Assessment of significance

Sequence alignments are useful in bioinformatics for identifying sequence similarity, producing phylogenetic trees, and developing homology models of protein structures. However, the biological relevance of sequence alignments is not always clear. Alignments are often assumed to reflect a degree of evolutionary change between sequences descended from a common ancestor; however, it is formally possible that convergent evolution can occur to produce apparent similarity between proteins that are evolutionarily unrelated but perform similar functions and have similar structures.
In database searches such as BLAST, statistical methods can determine the likelihood of a particular alignment between sequences or sequence regions arising by chance given the size and composition of the database being searched. These values can vary significantly depending on the search space. In particular, the likelihood of finding a given alignment by chance increases if the database consists only of sequences from the same organism as the query sequence. Repetitive sequences in the database or query can also distort both the search results and the assessment of statistical significance; BLAST automatically filters such repetitive sequences in the query to avoid apparent hits that are statistical artifacts.
Methods of statistical significance estimation for gapped sequence alignments are available in the literature.


Scoring functions

The choice of a scoring function that reflects biological or statistical observations about known sequences is important to producing good alignments. Protein sequences are frequently aligned using substitution matrices that reflect the probabilities of given character-to-character substitutions. A series of matrices called PAM matrices (Point Accepted Mutation matrices, originally defined by Margaret Dayhoff and sometimes referred to as "Dayhoff matrices") explicitly encode evolutionary approximations regarding the rates and probabilities of particular amino acid mutations. Another common series of scoring matrices, known as BLOSUM (Blocks Substitution Matrix), encodes empirically derived substitution probabilities. Variants of both types of matrices are used to detect sequences with differing levels of divergence, thus allowing users of BLAST or FASTA to restrict searches to more closely related matches or expand to detect more divergent sequences. Gap penalties account for the introduction of a gap - on the evolutionary model, an insertion or deletion mutation - in both nucleotide and protein sequences, and therefore the penalty values should be proportional to the expected rate of such mutations.
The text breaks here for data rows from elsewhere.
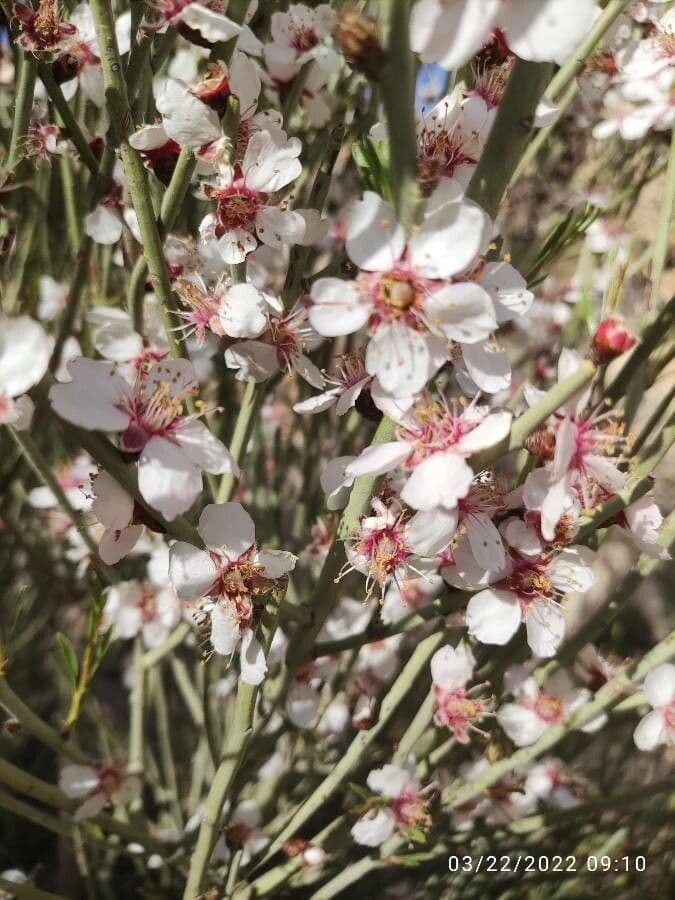 Rhamnus 7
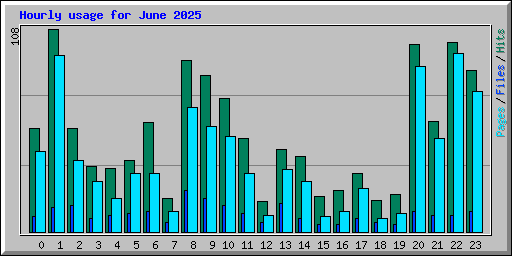 Hourly usage for June 2025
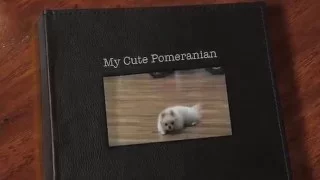 10 Funniest Pomeranian Videos - 2016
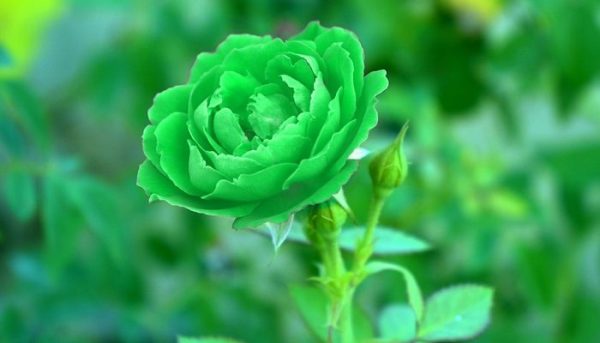 Ý nghĩa của hoa hồng xanh lá đặc biệt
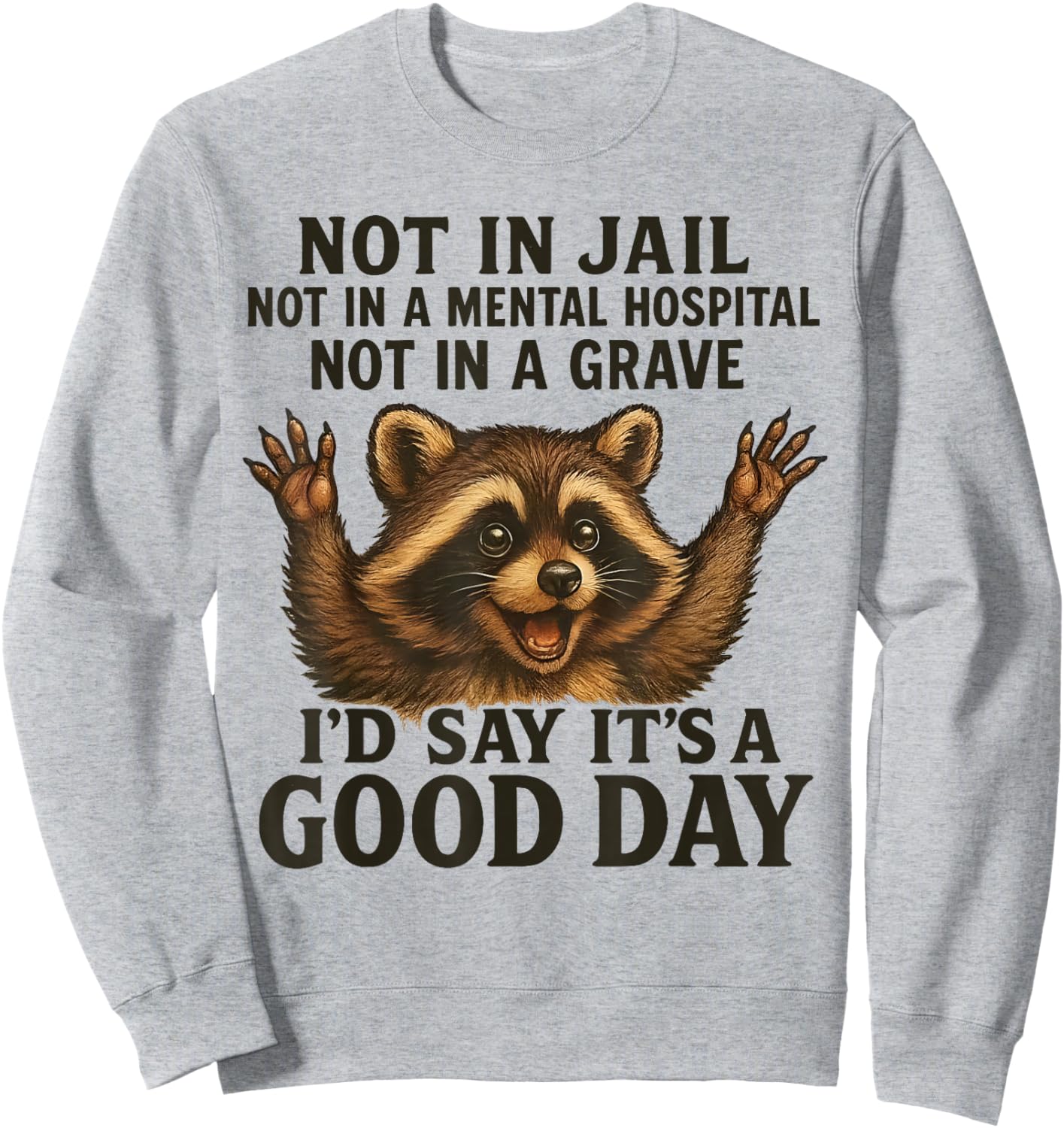 Raccoon Not in Jail Not in A Mental Hospital Funny Saying Sweatshirt - Sweatshirt | Ash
The quality of the alignments produced therefore depends on the quality of the scoring function.
It can be very useful and instructive to try the same alignment several times with different choices for scoring matrix and/or gap penalty values and compare the results. Regions where the solution is weak or non-unique can often be identified by observing which regions of the alignment are robust to variations in alignment parameters.


Other biological uses

Sequenced RNA, such as expressed sequence tags and full-length mRNAs, can be aligned to a sequenced genome to find where there are genes and get information about alternative splicing and RNA editing. Sequence alignment is also a part of genome assembly, where sequences are aligned to find overlap so that contigs (long stretches of sequence) can be formed. Another use is SNP analysis, where sequences from different individuals are aligned to find single basepairs that are often different in a population.